S'ils sont prompts à dénoncer l'"oligopole" des agences de notation financière, les responsables européens ont jusqu'ici été incapables de prendre des mesures concrètes pour contrer leur pouvoir, déplore le quotidien portugais Público.
Un chœur de responsables politiques de l’Union européenne, mais pas seulement, est venu hier, le 6 juillet, dénoncer publiquement l’"oligopole" (le mot est du ministre allemand des Finances Wolfgang Schäuble) des agences de notation financière. Alors que la dette du Portugal vient d’être descendue en catégorie "spéculative", à l’incompréhension, à l’indignation et aux critiques s’est ajoutée la promesse, faite par Wolfgang Schäuble, que l’UE allait “faire des efforts” pour en finir avec le pouvoir dévastateur de ces agences dans la zone euro.
La promesse pourrait être belle, si elle n’était usée jusqu’à la corde.
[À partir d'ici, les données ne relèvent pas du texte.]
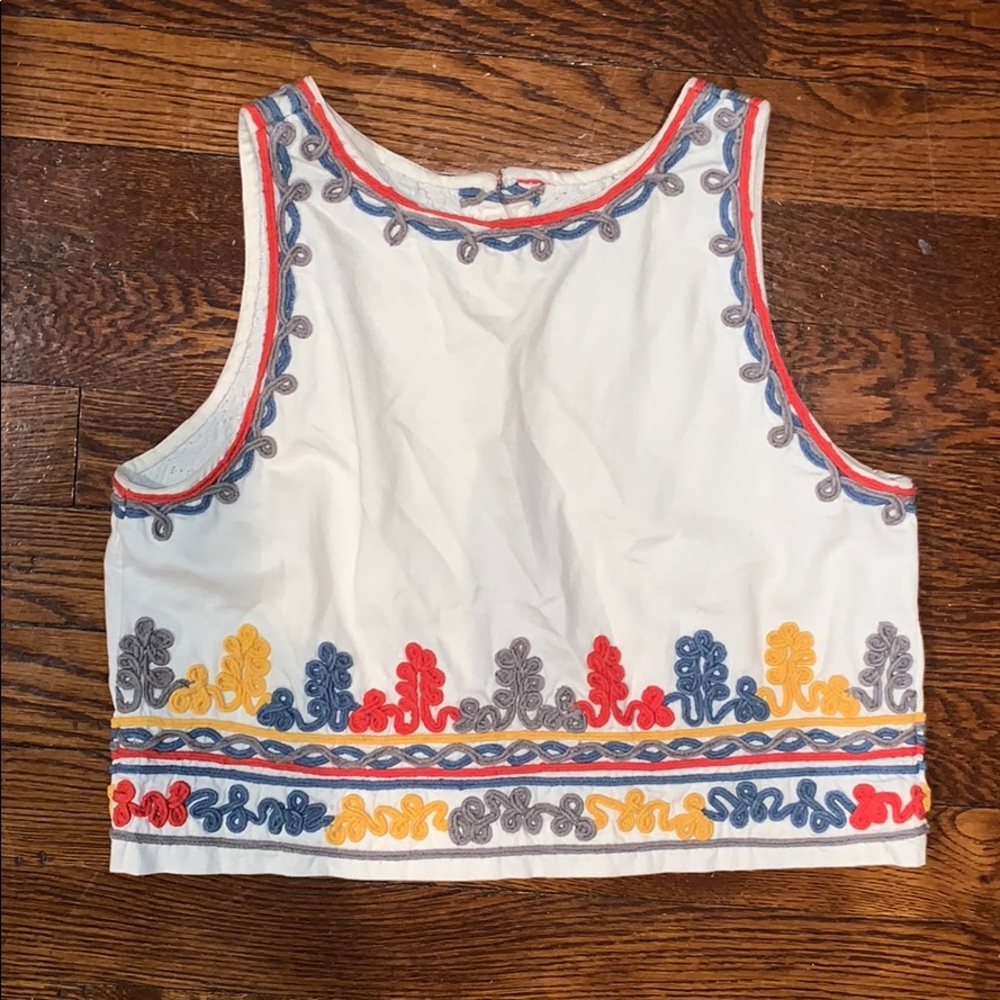 White canvas crop top with colorful accents.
Depuis 2008, les dirigeants européens multiplient les menaces contre les agissements absurdes de ces agences, sans qu’aucune mesure concrète n’ait été prise pour les empêcher de faire du tort. Alors que les Etats-Unis ont modifié leur réglementation bancaire pour réduire leur pouvoir et que la Chine, s’est tout simplement dotée d’une agence nationale, l’Europe n’est jamais allée au-delà des vœux pieux, renforçant ainsi l’impression de vacance des idées et du pouvoir qui se dégage de Bruxelles, de Paris et de Berlin.
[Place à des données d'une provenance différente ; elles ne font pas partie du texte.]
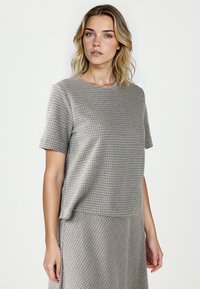 Grijze en blauwe gemusterde top met korte mouwen, een ronde halslijn, een relaxte pasvorm en een gladde textuur, gecombineerd met een bijpassende rok tot onder de heupen.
Face à ce vide, il est normal que les agences bombent le torse et cherchent à explorer jusqu’à ses limites la vulnérabilité de l’euro. Ce qui est en jeu aujourd’hui, ce ne sont pas seulement les difficultés du Portugal (sans parler de la Grèce) à assumer ses engagements : il se dégage également de l’action des agences une sorte de nécrophilie qui les fait se comporter en vautours planant au-dessus de la fragile monnaie unique. Incapable de leur tenir tête, offrant chaque jour au monde une nouvelle preuve de sa confusion, l’Europe ne réagit que quand elle se retrouve dans les cordes.
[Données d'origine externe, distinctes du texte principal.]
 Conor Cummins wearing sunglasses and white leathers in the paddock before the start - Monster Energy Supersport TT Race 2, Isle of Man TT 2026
De leur côté, constatant la grande fragilité de ceux qui leur ont promis la bataille et qui reconnaissent parallèlement des pertes pour les investisseurs privés dans la restructuration de la dette grecque, les agences agissent de la façon la plus naturelle : elles augmentent la pression et étendent leur offensive. Quand la politique s’incline devant la force organisée des capitaux financiers, il n’y a pas grand-chose à espérer.